For the last few months (and for at least two more) I’ve been hard at work writing several large grants for future projects: one looking at plant species’ interactions with soil microbes, one on the microbiome of women on hormonal contraceptives, one on grazing systems in sheep, and a few more that are under conceptual development. It’s intensive work, that requires a lot of time reading journal articles to formulate an argument for your proposed work, while making sure you are proposing something new and aren’t just repeating previous research. To top it all off, you have to do it within a certain page limit.

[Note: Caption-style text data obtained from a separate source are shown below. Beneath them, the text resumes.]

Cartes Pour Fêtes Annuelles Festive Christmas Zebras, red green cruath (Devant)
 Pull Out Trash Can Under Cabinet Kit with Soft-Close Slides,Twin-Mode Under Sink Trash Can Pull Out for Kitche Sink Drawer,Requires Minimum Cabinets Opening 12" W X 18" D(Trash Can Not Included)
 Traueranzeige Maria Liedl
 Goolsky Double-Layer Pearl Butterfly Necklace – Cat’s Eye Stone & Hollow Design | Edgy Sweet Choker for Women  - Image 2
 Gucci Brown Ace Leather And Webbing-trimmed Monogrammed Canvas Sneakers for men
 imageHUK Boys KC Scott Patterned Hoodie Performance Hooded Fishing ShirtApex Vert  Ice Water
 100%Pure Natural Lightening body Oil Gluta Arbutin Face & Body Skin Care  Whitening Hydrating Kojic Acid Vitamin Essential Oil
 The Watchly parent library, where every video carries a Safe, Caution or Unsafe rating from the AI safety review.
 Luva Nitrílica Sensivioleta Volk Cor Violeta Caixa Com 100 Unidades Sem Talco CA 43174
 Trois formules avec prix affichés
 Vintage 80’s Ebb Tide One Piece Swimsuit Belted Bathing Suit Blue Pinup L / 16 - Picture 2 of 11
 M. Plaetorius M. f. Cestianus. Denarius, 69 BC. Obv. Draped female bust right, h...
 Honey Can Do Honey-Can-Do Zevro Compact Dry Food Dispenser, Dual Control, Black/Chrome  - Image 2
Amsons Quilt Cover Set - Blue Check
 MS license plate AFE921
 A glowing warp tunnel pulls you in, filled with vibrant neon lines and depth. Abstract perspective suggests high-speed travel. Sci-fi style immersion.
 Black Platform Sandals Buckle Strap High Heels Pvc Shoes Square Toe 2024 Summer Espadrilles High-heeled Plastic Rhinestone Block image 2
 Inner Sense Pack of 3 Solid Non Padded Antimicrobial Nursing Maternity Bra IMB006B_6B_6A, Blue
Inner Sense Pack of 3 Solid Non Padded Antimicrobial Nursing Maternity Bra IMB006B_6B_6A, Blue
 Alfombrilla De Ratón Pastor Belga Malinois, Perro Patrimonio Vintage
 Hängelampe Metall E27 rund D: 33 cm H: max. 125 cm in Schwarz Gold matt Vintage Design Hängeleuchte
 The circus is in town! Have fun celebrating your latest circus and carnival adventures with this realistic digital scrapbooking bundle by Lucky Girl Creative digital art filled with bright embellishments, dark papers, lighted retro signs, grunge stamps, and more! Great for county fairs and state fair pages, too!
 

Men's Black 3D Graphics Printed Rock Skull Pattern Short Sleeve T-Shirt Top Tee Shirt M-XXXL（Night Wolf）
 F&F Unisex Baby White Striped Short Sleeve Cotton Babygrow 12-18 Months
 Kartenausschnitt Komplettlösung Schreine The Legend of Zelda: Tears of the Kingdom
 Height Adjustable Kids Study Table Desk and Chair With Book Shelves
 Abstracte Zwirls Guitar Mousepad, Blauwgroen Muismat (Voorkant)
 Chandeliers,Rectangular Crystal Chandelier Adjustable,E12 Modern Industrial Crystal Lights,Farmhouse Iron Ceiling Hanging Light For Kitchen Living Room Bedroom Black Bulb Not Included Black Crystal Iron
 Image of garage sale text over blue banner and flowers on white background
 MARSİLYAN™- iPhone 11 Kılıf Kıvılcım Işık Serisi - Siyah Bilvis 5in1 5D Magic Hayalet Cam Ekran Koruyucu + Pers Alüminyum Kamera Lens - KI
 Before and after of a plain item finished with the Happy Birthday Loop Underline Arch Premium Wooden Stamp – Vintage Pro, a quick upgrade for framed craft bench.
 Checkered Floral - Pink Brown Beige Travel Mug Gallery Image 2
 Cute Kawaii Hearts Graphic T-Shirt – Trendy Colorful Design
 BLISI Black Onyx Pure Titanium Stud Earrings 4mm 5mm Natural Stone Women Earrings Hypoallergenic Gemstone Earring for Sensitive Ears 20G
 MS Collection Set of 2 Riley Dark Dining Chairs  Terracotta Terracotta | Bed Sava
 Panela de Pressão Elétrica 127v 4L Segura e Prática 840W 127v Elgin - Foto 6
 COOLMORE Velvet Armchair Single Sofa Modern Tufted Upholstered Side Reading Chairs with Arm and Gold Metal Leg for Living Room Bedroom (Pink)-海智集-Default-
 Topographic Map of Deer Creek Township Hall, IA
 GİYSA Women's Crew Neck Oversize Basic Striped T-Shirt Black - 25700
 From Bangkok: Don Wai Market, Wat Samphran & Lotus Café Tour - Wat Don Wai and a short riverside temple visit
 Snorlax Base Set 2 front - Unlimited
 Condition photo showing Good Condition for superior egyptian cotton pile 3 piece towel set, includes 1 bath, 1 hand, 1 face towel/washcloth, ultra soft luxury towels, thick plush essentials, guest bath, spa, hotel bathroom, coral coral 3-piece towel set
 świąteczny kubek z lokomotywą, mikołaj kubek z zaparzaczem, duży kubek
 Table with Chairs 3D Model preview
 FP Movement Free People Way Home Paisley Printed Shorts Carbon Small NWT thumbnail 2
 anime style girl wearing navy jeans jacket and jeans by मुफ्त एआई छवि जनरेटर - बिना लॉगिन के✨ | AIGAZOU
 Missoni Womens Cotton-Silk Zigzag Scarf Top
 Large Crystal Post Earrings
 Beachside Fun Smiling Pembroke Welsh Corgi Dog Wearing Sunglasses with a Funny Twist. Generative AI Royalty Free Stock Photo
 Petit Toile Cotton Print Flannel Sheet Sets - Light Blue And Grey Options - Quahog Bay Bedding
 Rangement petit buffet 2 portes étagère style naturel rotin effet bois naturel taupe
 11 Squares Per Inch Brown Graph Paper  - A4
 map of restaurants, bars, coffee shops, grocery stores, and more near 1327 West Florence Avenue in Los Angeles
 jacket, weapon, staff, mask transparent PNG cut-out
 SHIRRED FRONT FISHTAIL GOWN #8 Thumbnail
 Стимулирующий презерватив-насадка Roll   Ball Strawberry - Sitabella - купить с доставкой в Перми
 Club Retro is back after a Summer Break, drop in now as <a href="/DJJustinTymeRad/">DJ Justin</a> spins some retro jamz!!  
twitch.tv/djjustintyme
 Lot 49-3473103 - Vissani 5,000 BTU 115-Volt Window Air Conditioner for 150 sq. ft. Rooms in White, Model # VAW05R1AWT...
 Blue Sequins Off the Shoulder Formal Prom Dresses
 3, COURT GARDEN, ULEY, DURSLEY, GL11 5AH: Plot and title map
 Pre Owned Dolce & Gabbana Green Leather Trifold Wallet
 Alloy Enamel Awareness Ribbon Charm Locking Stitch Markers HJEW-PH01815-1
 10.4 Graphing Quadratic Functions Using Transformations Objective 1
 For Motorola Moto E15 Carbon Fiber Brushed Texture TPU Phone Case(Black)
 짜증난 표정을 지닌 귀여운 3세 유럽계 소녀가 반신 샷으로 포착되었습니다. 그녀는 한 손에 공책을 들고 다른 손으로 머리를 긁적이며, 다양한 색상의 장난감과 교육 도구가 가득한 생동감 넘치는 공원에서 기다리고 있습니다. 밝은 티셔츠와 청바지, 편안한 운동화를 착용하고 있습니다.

Grant season typically lasts from late November to early April: it’s when many agencies in the US put out general or topic-specific calls for funding. Each agency (ex. USDA, NIH, DOE, etc.) has it’s own requirements for formatting, the information that gets included, who can apply, etc. They are very picky, too; sometimes proposals will be sent back for having more than the requisite maximum of citations on your CV– without the agency having read your proposal at all. Many will also turn away proposals that they feel are not aligned with the goals of that agency or that funding call, even if they like your submission.
Despite the long hours and the nit-picky attention to detail required, I’ve enjoyed being able to hone my grant writing skills, to learn about different research topics, and to be part of so many exciting projects over the new few years. Most of these will be submitted in March, and we probably won’t hear back until mid-summer- fingers crossed!